───── EXERCISE DATA ─────

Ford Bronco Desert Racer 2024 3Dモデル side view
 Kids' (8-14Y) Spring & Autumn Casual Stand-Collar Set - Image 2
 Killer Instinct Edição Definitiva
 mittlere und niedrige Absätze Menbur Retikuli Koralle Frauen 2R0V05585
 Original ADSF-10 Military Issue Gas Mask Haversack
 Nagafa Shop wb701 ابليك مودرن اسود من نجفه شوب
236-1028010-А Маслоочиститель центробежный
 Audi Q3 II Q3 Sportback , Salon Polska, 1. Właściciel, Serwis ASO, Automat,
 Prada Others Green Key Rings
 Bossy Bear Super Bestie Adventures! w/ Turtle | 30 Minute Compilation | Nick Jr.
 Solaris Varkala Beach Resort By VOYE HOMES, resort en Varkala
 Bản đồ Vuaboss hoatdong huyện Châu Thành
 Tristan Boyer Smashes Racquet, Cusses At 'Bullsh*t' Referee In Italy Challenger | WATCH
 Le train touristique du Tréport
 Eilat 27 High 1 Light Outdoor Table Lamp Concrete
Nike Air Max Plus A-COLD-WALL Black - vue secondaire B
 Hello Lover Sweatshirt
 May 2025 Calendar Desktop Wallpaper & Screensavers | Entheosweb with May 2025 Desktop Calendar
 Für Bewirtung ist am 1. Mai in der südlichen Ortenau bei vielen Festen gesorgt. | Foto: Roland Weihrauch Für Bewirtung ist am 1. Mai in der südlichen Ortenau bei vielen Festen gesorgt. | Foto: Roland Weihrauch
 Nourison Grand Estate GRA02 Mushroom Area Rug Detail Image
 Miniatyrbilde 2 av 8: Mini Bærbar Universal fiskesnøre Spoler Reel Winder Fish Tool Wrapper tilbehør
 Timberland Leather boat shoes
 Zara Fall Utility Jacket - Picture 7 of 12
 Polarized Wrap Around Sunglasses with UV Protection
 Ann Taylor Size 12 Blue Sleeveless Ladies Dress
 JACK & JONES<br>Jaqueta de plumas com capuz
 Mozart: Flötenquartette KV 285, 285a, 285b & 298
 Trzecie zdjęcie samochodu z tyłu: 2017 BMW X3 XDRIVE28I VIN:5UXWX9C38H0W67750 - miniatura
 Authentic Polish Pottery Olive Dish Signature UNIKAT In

─────

== WHAT TO WORK ON ==
Set out, exactly as written, the lines from the line with "Bản đồ Vuaboss hoatdong huyện Châu Thành" to the last line of the records, inclusive, and only those lines.

== OUTPUT FOR THIS EXERCISE ==
 Bản đồ Vuaboss hoatdong huyện Châu Thành
 Tristan Boyer Smashes Racquet, Cusses At 'Bullsh*t' Referee In Italy Challenger | WATCH
 Le train touristique du Tréport
 Eilat 27 High 1 Light Outdoor Table Lamp Concrete
Nike Air Max Plus A-COLD-WALL Black - vue secondaire B
 Hello Lover Sweatshirt
 May 2025 Calendar Desktop Wallpaper & Screensavers | Entheosweb with May 2025 Desktop Calendar
 Für Bewirtung ist am 1. Mai in der südlichen Ortenau bei vielen Festen gesorgt. | Foto: Roland Weihrauch Für Bewirtung ist am 1. Mai in der südlichen Ortenau bei vielen Festen gesorgt. | Foto: Roland Weihrauch
 Nourison Grand Estate GRA02 Mushroom Area Rug Detail Image
 Miniatyrbilde 2 av 8: Mini Bærbar Universal fiskesnøre Spoler Reel Winder Fish Tool Wrapper tilbehør
 Timberland Leather boat shoes
 Zara Fall Utility Jacket - Picture 7 of 12
 Polarized Wrap Around Sunglasses with UV Protection
 Ann Taylor Size 12 Blue Sleeveless Ladies Dress
 JACK & JONES<br>Jaqueta de plumas com capuz
 Mozart: Flötenquartette KV 285, 285a, 285b & 298
 Trzecie zdjęcie samochodu z tyłu: 2017 BMW X3 XDRIVE28I VIN:5UXWX9C38H0W67750 - miniatura
 Authentic Polish Pottery Olive Dish Signature UNIKAT In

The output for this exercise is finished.